> [Goal of the exercise]:
Drop the pictures and restate the rest of the listing word for word.

> [Data]:

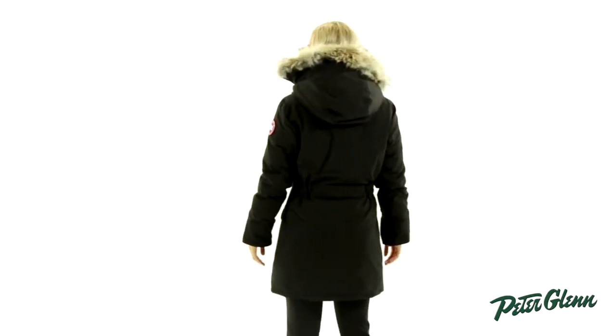Hi, I'm Laura from PeterGlenn.com and this is the Canada Goose Trillium jacket. There is pretty much nothing warmer than this jacket. If you live in a particularly cold climate or you're one of those people that's just always cold, you need the maximum warmth — this is what you need.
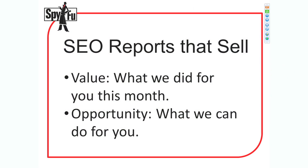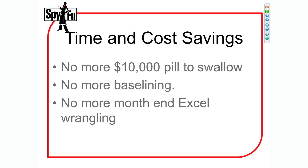They're 100% white-labelable. They'll be branded for your company and nobody will ever know they're done by us. The other thing these reports do is save you a ton of time. And I was talking earlier about this $10,000 pill that you have to get customers to swallow before you can really bring them on.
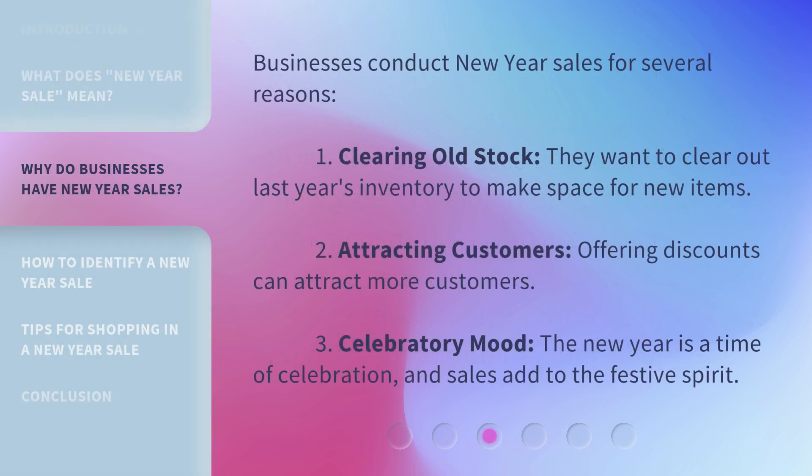Businesses conduct New Year Sales for several reasons. First, clearing old stock — they want to clear out last year's inventory to make space for new items. Second, attracting customers — offering discounts can attract more customers. Third, celebratory mood — the New Year is a time of celebration and sales add to the festive spirit.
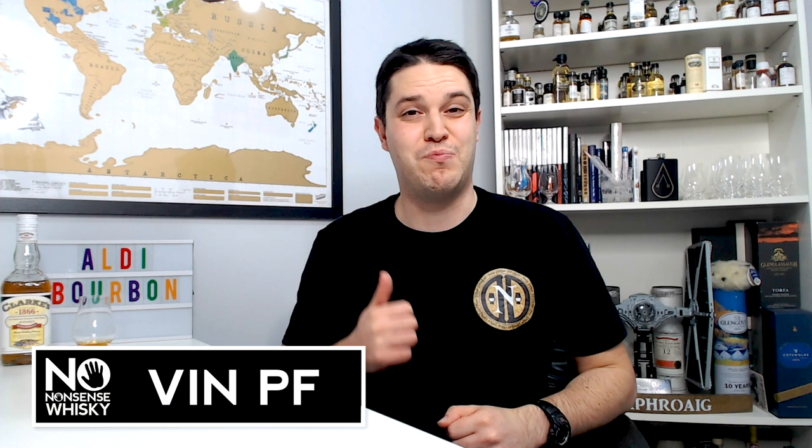Hi there, welcome to No Nonsense Whiskey. My name is VinPF and on today's episode we're going to be heading back to some supermarket whiskey. If you've been a fan of the channel for a little bit of time, a couple of years ago, maybe a year and a half ago, I was covering a lot of Aldi own brand whiskeys.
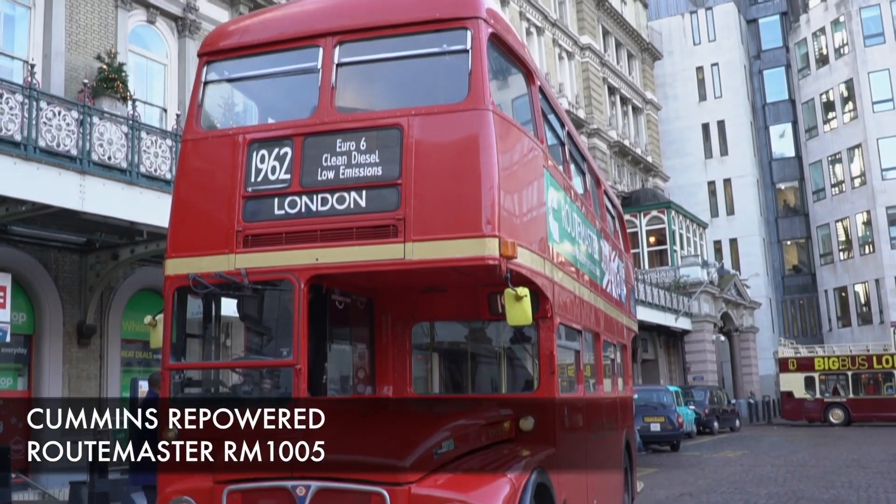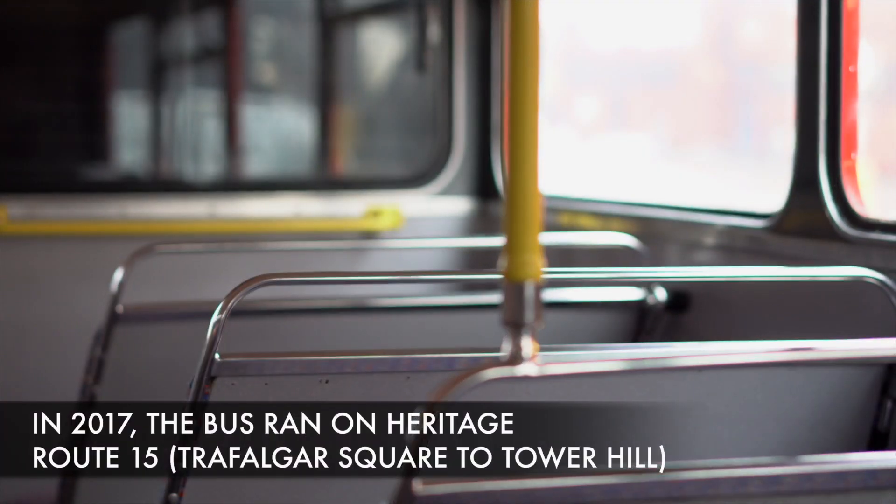This Routemaster was first registered in 1962 — actually older than that, it's from 1958. It was in service in London until 2005. When I was running Transport for London, we withdrew the last Routemasters. I bought it ten years ago in 2007, had it completely done up, and it's quite a famous bus.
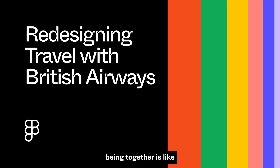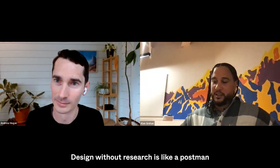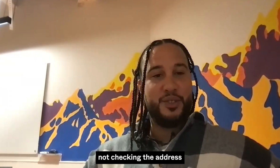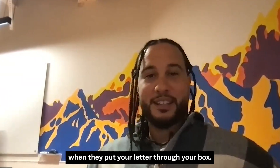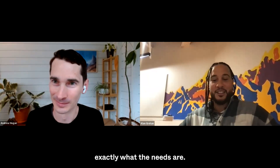Design and research being together is like, has to be that way for me. Design without research is like a postman not checking the address when they put your letter in the box. How do you know it's the right thing to do unless you understand exactly what the needs are?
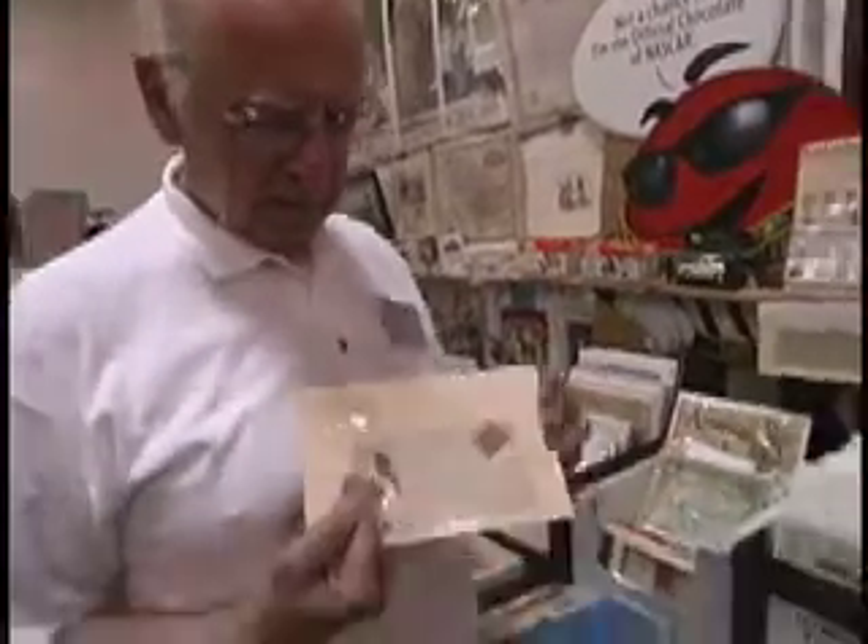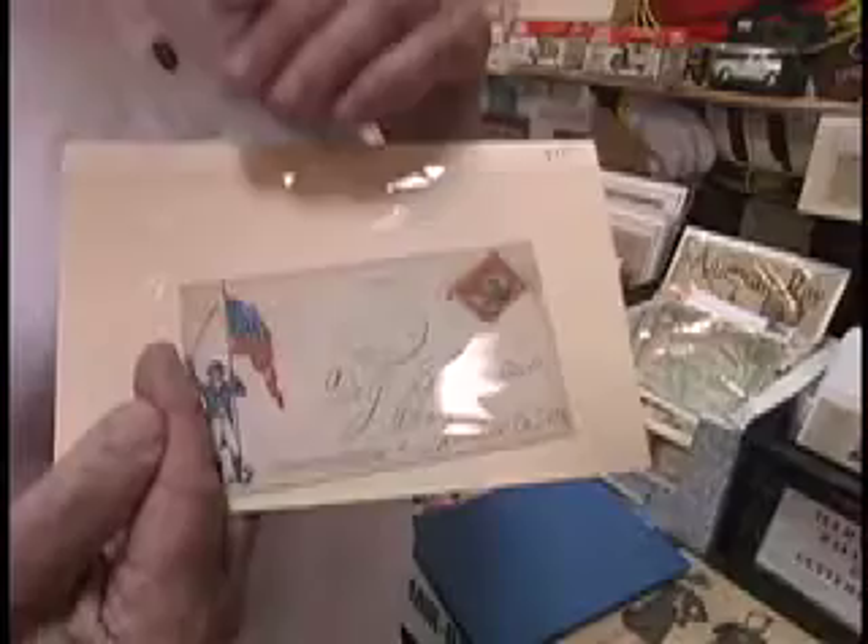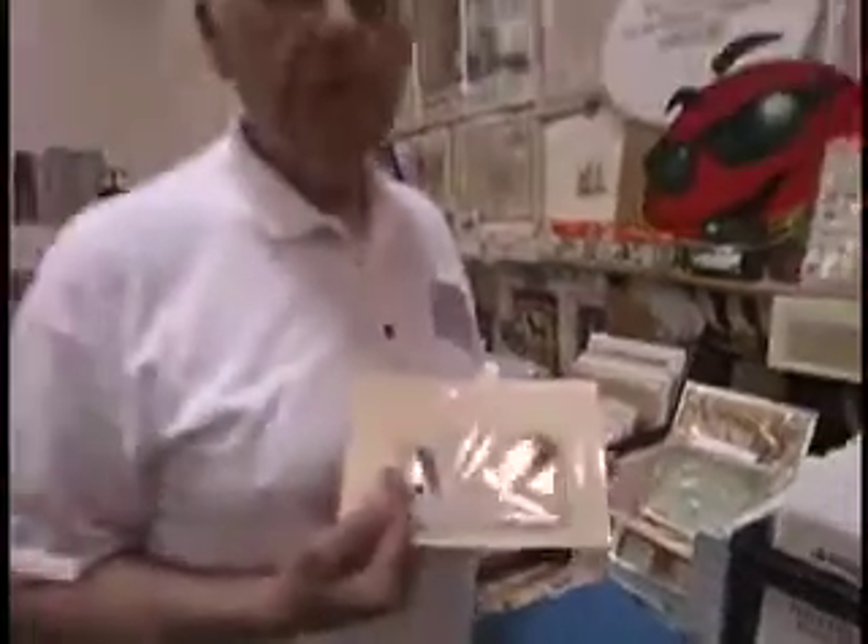It's an interesting ephemera collection — a tremendous assortment of both Union and Confederate ones. Confederate being much rarer because there was much less mail that had been saved.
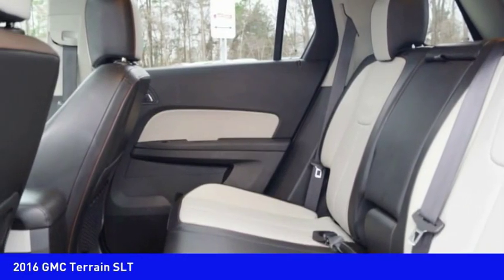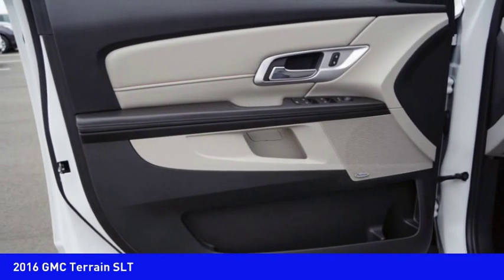If you like it online, you'll love it in your driveway. Take it for a spin today.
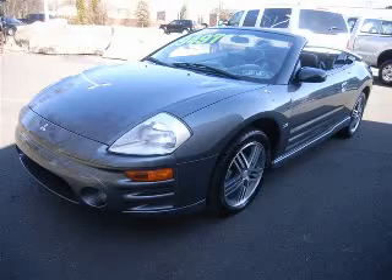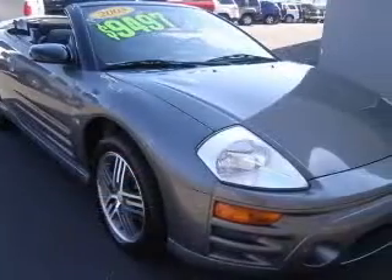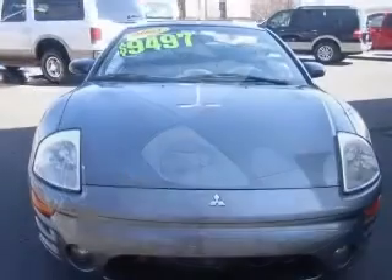We are proud to present this excellent 2003 Mitsubishi Eclipse Spider. This Eclipse Spider has a 3.0L V6 engine and an automatic transmission.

> [Answer to the exercise]:
Hi, I'm Laura from PeterGlenn.com and this is the Canada Goose Trillium jacket. There is pretty much nothing warmer than this jacket. If you live in a particularly cold climate or you're one of those people that's just always cold, you need the maximum warmth — this is what you need.
They're 100% white-labelable. They'll be branded for your company and nobody will ever know they're done by us. The other thing these reports do is save you a ton of time. And I was talking earlier about this $10,000 pill that you have to get customers to swallow before you can really bring them on.
Businesses conduct New Year Sales for several reasons. First, clearing old stock — they want to clear out last year's inventory to make space for new items. Second, attracting customers — offering discounts can attract more customers. Third, celebratory mood — the New Year is a time of celebration and sales add to the festive spirit.
Hi there, welcome to No Nonsense Whiskey. My name is VinPF and on today's episode we're going to be heading back to some supermarket whiskey. If you've been a fan of the channel for a little bit of time, a couple of years ago, maybe a year and a half ago, I was covering a lot of Aldi own brand whiskeys.
This Routemaster was first registered in 1962 — actually older than that, it's from 1958. It was in service in London until 2005. When I was running Transport for London, we withdrew the last Routemasters. I bought it ten years ago in 2007, had it completely done up, and it's quite a famous bus.
Design and research being together is like, has to be that way for me. Design without research is like a postman not checking the address when they put your letter in the box. How do you know it's the right thing to do unless you understand exactly what the needs are?
It's an interesting ephemera collection — a tremendous assortment of both Union and Confederate ones. Confederate being much rarer because there was much less mail that had been saved.
If you like it online, you'll love it in your driveway. Take it for a spin today.
We are proud to present this excellent 2003 Mitsubishi Eclipse Spider. This Eclipse Spider has a 3.0L V6 engine and an automatic transmission.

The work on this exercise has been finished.